It would seem that there are no worthwhile (past) African leaders in the entirety of Africa.
The Mo Ibrahim Foundation, established on the premise of improving the quality of governance across the continent, has for the past several years awarded the African Leadership Prize to previous leaders who have done well to support the cause of good governance in their respective countries. This year no such prize was awarded. While Ibrahim claims that there are "no issues of disrespect" surrounding the decision, it nevertheless comes as quite a low blow, especially to the likes of Mbeki and Kufour who - while no doubt boasting highly dubious governance records - were the likely contenders.
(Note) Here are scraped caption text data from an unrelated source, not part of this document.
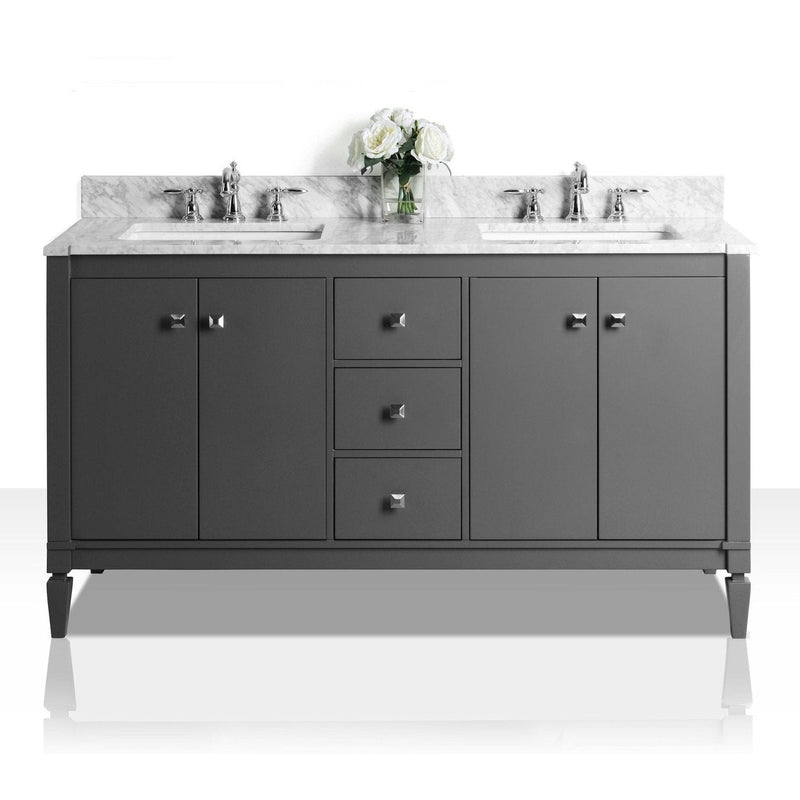 Ancerre Kayleigh Bathroom Vanity with Sink and Carrara White Marble Top Cabinet Set - VTS-KAYLEIGH-48-W-CW - Backyard Provider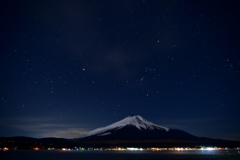 満天の星空と富士山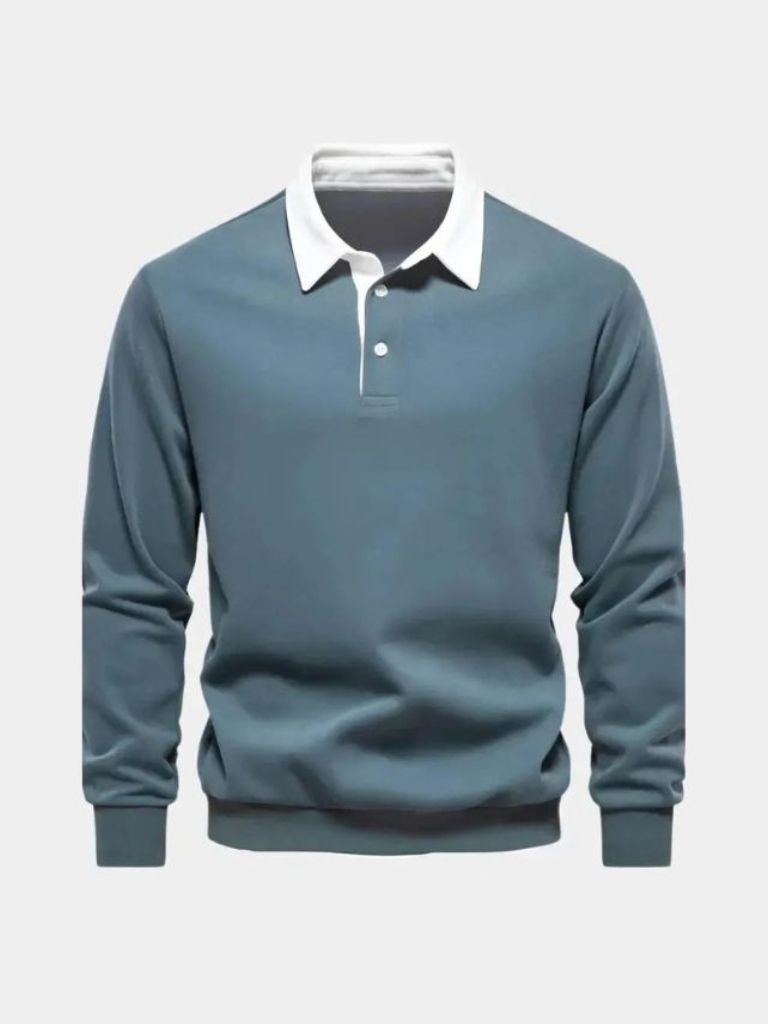 Wilhelm-Ernst | Dunkelblaues Langarm-Poloshirt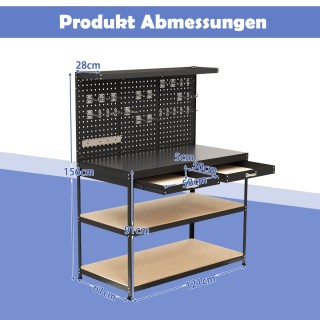 Costway Επαγγελματικός Πάγκος Εργασίας 121 x 61 cm με Μεταλλικό Σκε...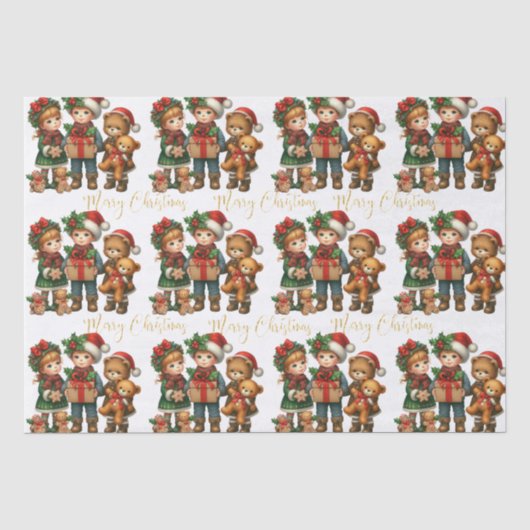 Kerst Kinder geschenken Vrolijk kerstfeest Tissuepapier (Voorkant)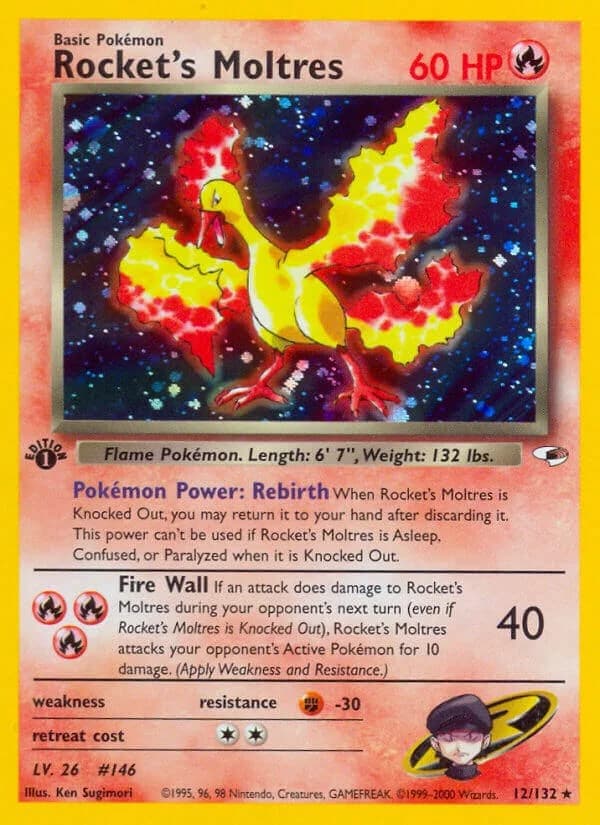 Rocket's Moltres [1st Edition] Gym Heroes 12 Pokémon card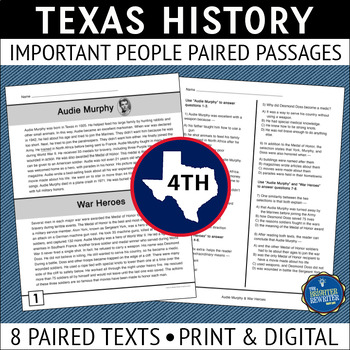 Preview of Texas History Paired Texts Nonfiction Reading Comprehension Passages 4th Grade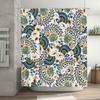 Vibrant Floral Shower Curtain Waterproof Fabric for Bathroom Decor in Navy Blue and Teal Green Size69x70 inches / 180x245cm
Aside from a nice pat on the back, however, the effectiveness of the prize (if the conferring of a prize can indeed be effective) is questionable. The general idea underpinning the award is that by singling out previous statesmen who supported democracy, the rule of law, and all other such things that have come to be lumped under the general notion of 'governance,' sitting leaders will be encouraged to act similarly. Yet, as the BBC rightly points out, this doesn't at all seem to be the case:
Uganda, Chad and Cameroon have all changed their constitutions so their leaders can retain their positions.
There have been coups in Guinea, Mauritania and Madagascar, as well as several elections that fell well short of international standards. And the countries that have received most praise from Mo Ibrahim's foundation this year - Mauritius, Cape Verde and Seychelles - are far from the continent's centres of power.